The New Geneva Study Bibles were NKJV. I don't know if they are still for sale or not, but that would be a great Bible to give.


----------



## Bill The Baptist (Dec 5, 2012)

Mindaboo said:


> The New Geneva Study Bibles were NKJV. I don't know if they are still for sale or not, but that would be a great Bible to give.



You can still get the New Geneva in NKJV, but it generally goes for a very high price. I love the NKJV, but sadly there are not very many quality editions to choose from. My wife has the NKJV Women's study Bible and she seems to like it.


----------



## Romans922 (Dec 5, 2012)

Schuyler NKJV : EvangelicalBible.com


----------



## Jerusalem Blade (Dec 5, 2012)

Benjamin, this is a nice one: NKJV Ultra Thin Large Print Reference Bible, Genuine Leather, Black. I got this as the pulpit Bible for the church we planted in Cyprus.

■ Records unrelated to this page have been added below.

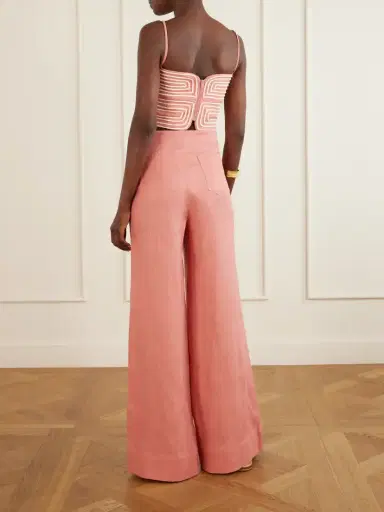 ANDRES OTALORA Baía Cropped Embroidered Linen And Cotton-blend Top | Thumbnail 3
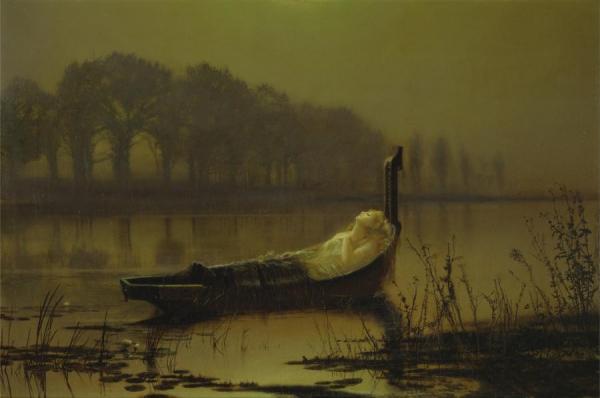 John Atkinson Grimshaw The Lady Of Shalott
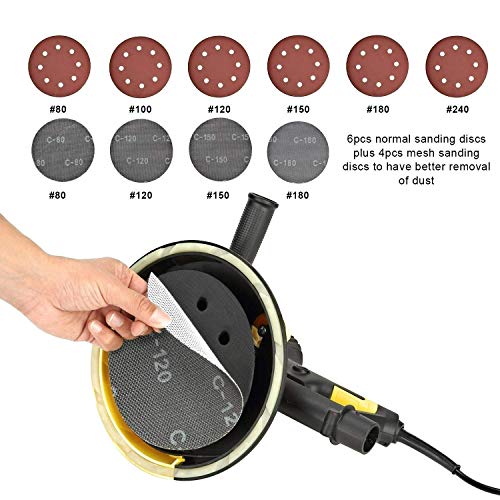 Electric Drywall Sander with Vacuum, Variable Speed and 26FT Power Cord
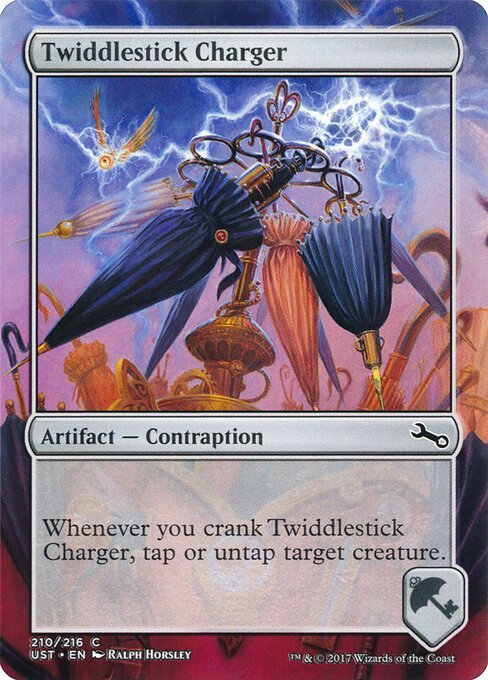 Twiddlestick Charger card from UST #210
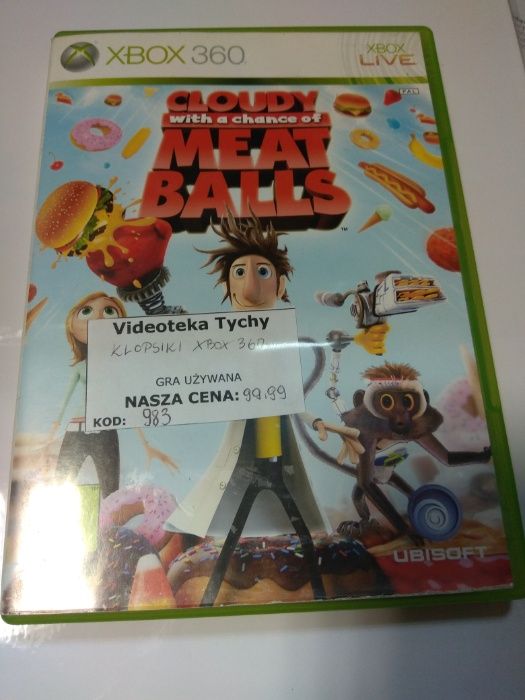 Klopsiki i inne zjawiska pogodowe xbox 360, CLOUDY WITH A CHANCE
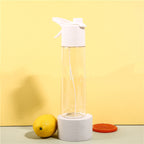 Spray Water Bottle For Girls Outdoor Sport Fitness Water Cup Large Capacity Spray Bottle Drinkware Travel Bottles Kitchen Gadgets Pi-Mart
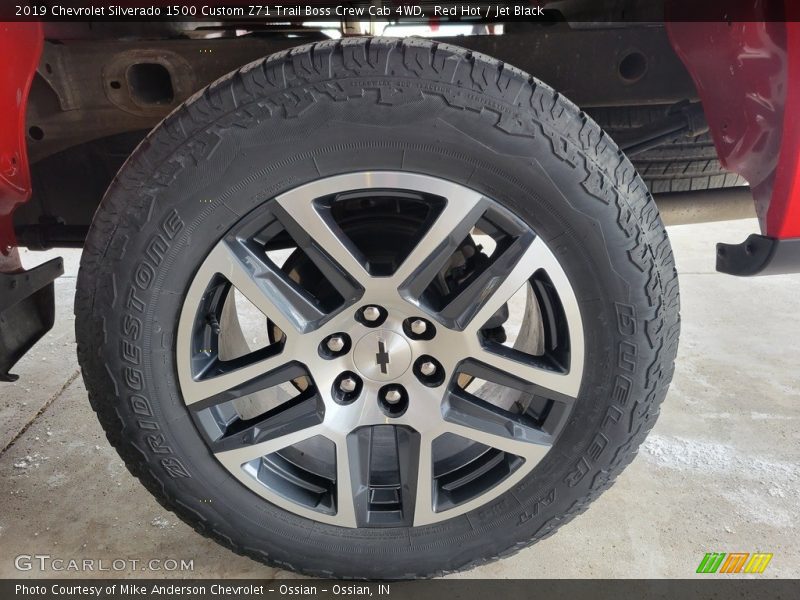 Red Hot / Jet Black 2019 Chevrolet Silverado 1500 Custom Z71 Trail Boss Crew Cab 4WD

I see Amazon has it for the same price but with free shipping, a better deal. At $31.49 each that's pretty good. I think the quality is good -- okay, not like one of these $150+ Bibles, but decent.


----------



## irresistible_grace (Dec 5, 2012)

Backwoods Presbyterian said:


> Need ideas ... I wouldn't be 100% against KJV. Not really interested in discussing translation (i.e. - Why not ESV?).



We just bought two AV/KJV Bibles from TBS for $13 each that have the 1650 metrical psalms in the back. The font isn't too small (and you can worship with it anywhere)! We love them. There is a reading plan in the back too! They would make great gifts for ANYONE!


----------



## jwithnell (Dec 6, 2012)

These young ladies will be teaching the next generation -- find the New Geneva NKJV for the notes.


----------



## Pilgrim (Dec 6, 2012)

Jerusalem Blade said:


> Benjamin, this is a nice one: NKJV Ultra Thin Large Print Reference Bible, Genuine Leather, Black. I got this as the pulpit Bible for the church we planted in Cyprus.
> 
> I see Amazon has it for the same price but with free shipping, a better deal. At $31.49 each that's pretty good. I think the quality is good -- okay, not like one of these $150+ Bibles, but decent.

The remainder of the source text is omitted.